━━━━━ AVAILABLE DATA ━━━━━

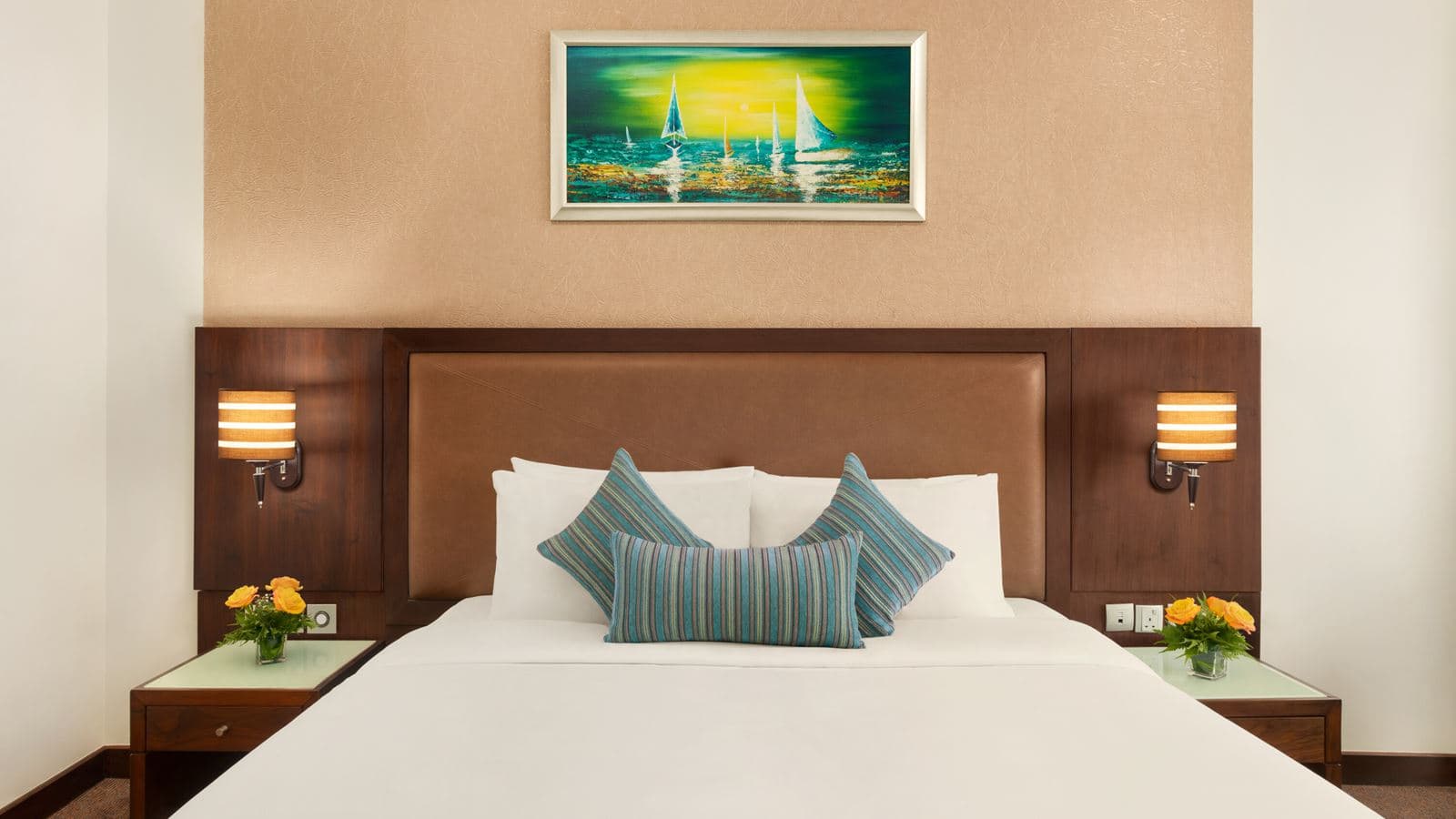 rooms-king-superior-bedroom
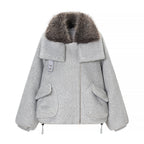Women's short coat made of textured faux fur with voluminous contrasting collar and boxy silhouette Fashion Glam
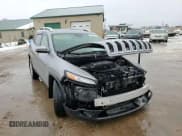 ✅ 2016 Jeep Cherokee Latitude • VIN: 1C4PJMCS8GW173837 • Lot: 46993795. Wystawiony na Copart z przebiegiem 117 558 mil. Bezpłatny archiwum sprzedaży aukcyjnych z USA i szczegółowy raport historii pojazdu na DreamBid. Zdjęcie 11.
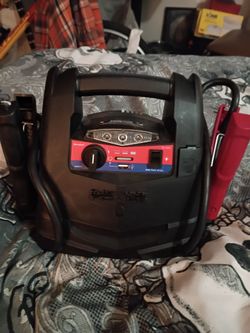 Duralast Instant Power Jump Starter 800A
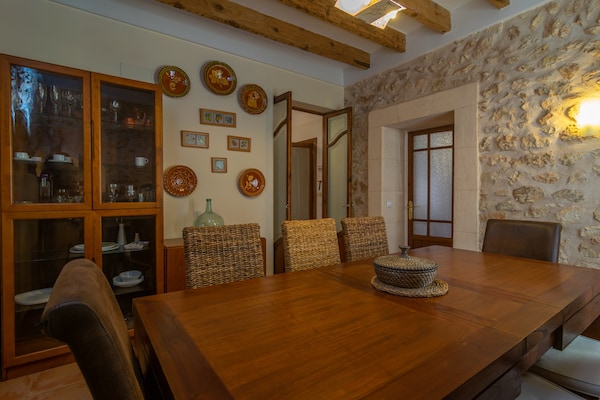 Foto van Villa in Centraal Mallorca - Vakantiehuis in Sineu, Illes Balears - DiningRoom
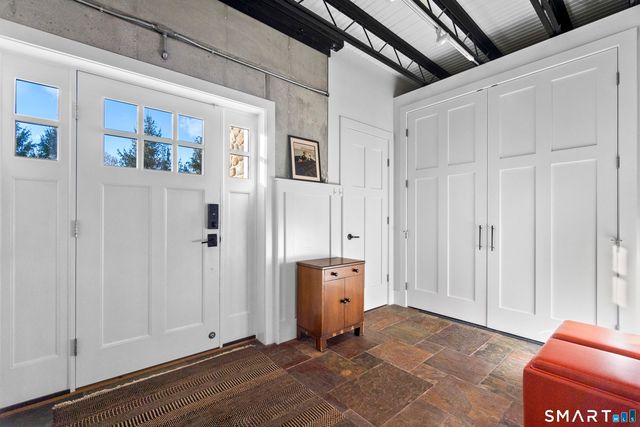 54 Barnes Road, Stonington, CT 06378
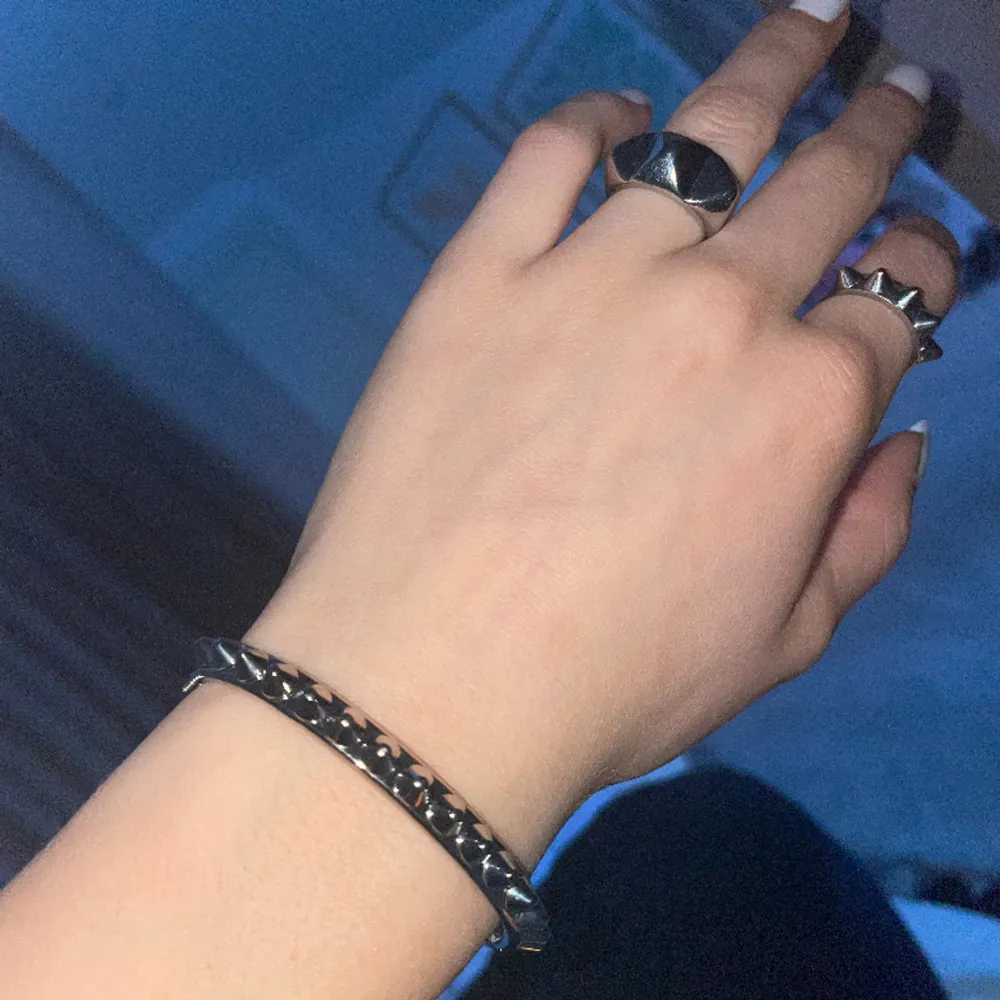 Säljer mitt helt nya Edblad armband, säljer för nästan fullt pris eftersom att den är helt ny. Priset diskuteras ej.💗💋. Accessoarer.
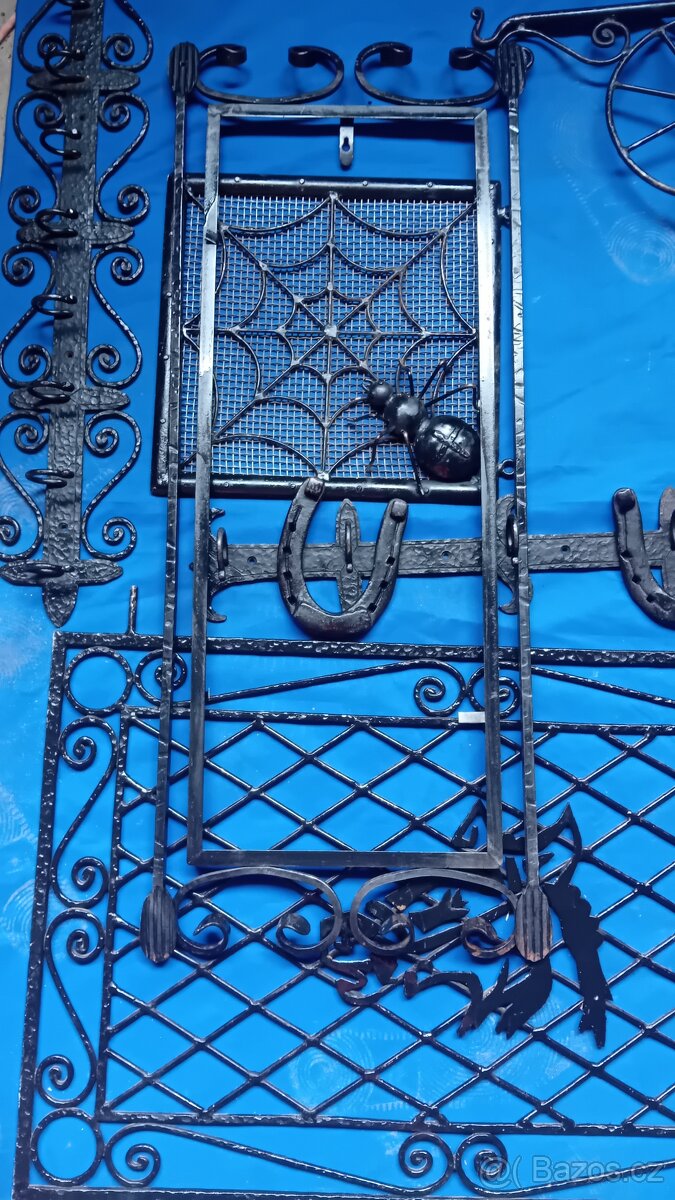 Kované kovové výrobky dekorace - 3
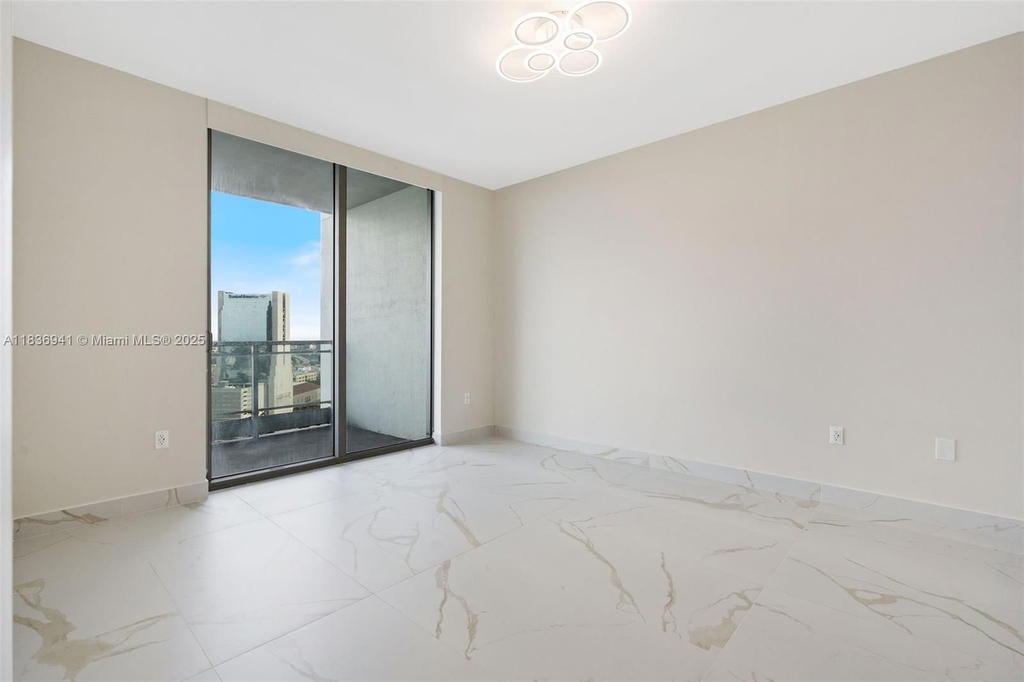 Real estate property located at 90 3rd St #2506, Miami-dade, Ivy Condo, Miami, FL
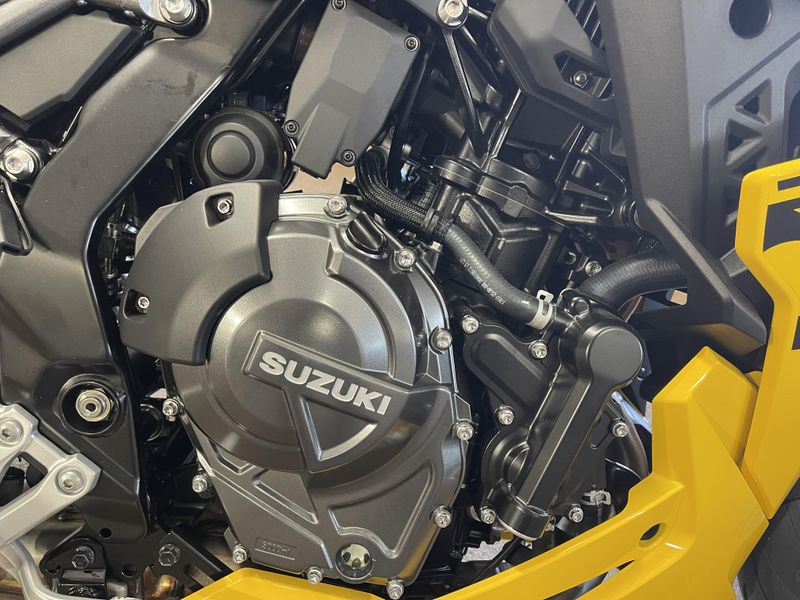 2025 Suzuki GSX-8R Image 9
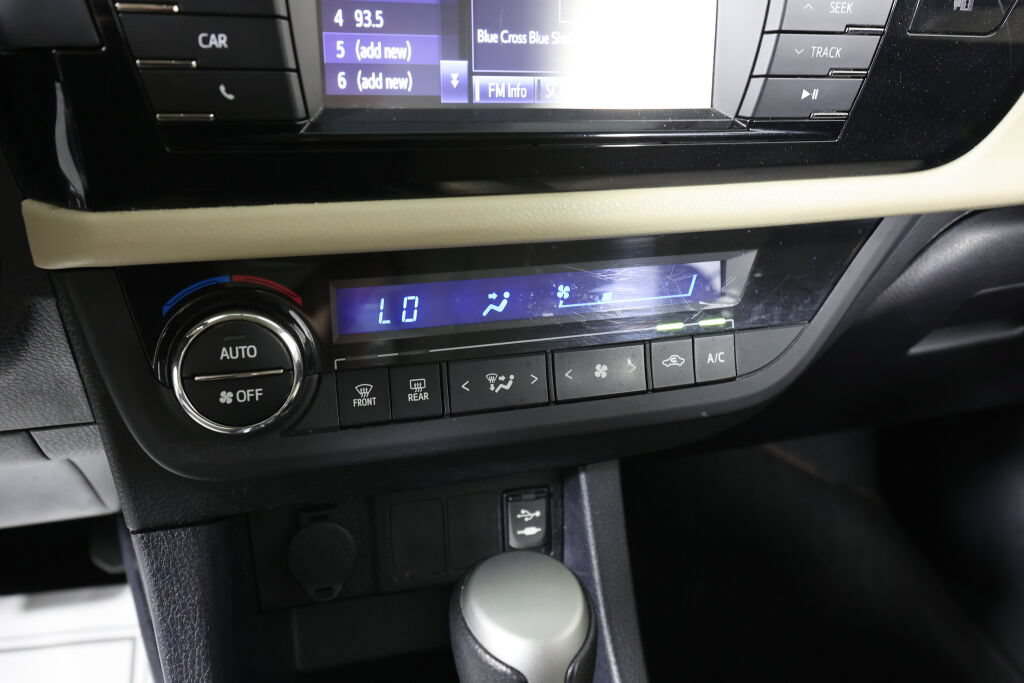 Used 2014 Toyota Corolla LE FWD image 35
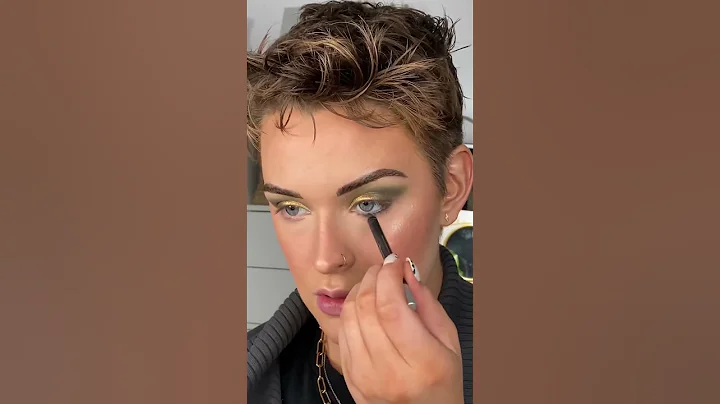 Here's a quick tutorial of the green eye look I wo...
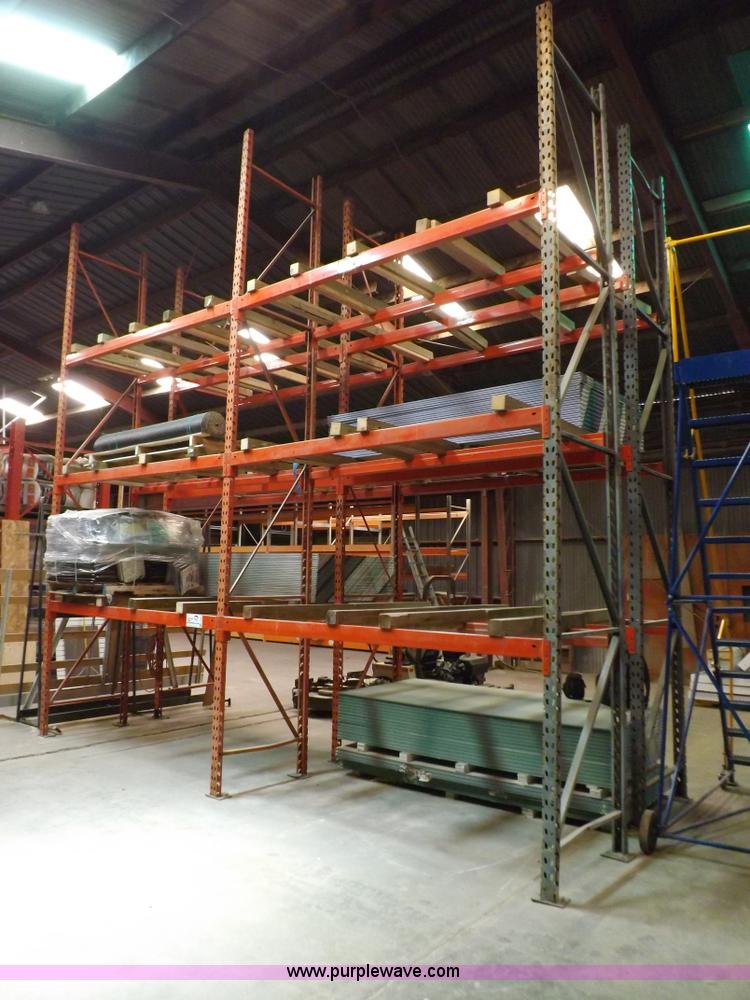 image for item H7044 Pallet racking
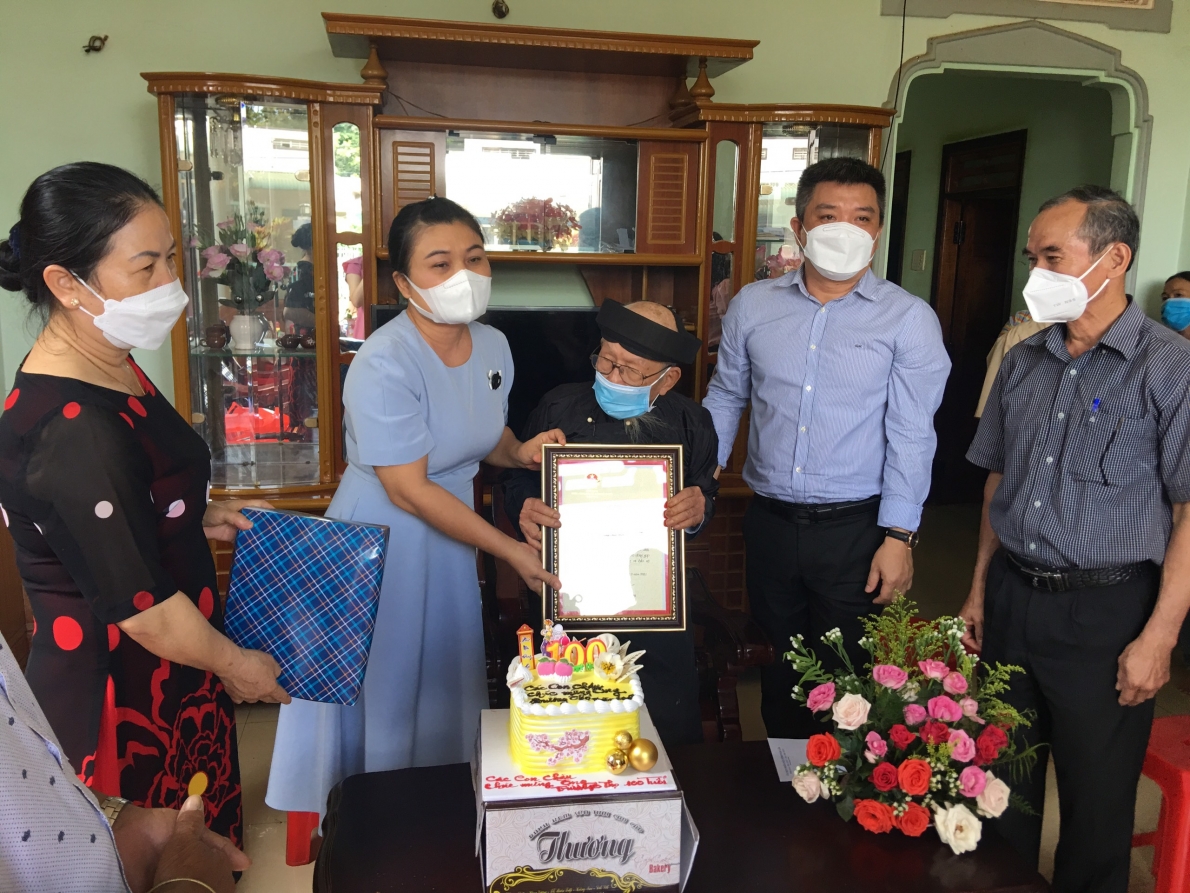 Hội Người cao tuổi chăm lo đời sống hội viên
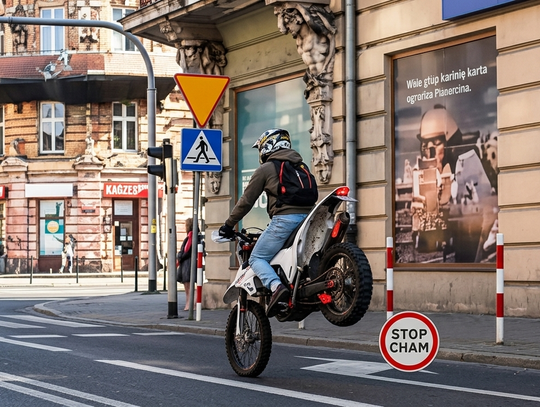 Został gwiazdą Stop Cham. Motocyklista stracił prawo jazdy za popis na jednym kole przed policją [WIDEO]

━━━━━

PROBLEM DETAILS >> Among the entries above, copy exactly the stretch from the line holding "Women's short coat" through the line holding "DreamBid. Zdjęcie 11.", leaving out any pictures.

ANSWER SECTION >>
Women's short coat made of textured faux fur with voluminous contrasting collar and boxy silhouette Fashion Glam
 ✅ 2016 Jeep Cherokee Latitude • VIN: 1C4PJMCS8GW173837 • Lot: 46993795. Wystawiony na Copart z przebiegiem 117 558 mil. Bezpłatny archiwum sprzedaży aukcyjnych z USA i szczegółowy raport historii pojazdu na DreamBid. Zdjęcie 11.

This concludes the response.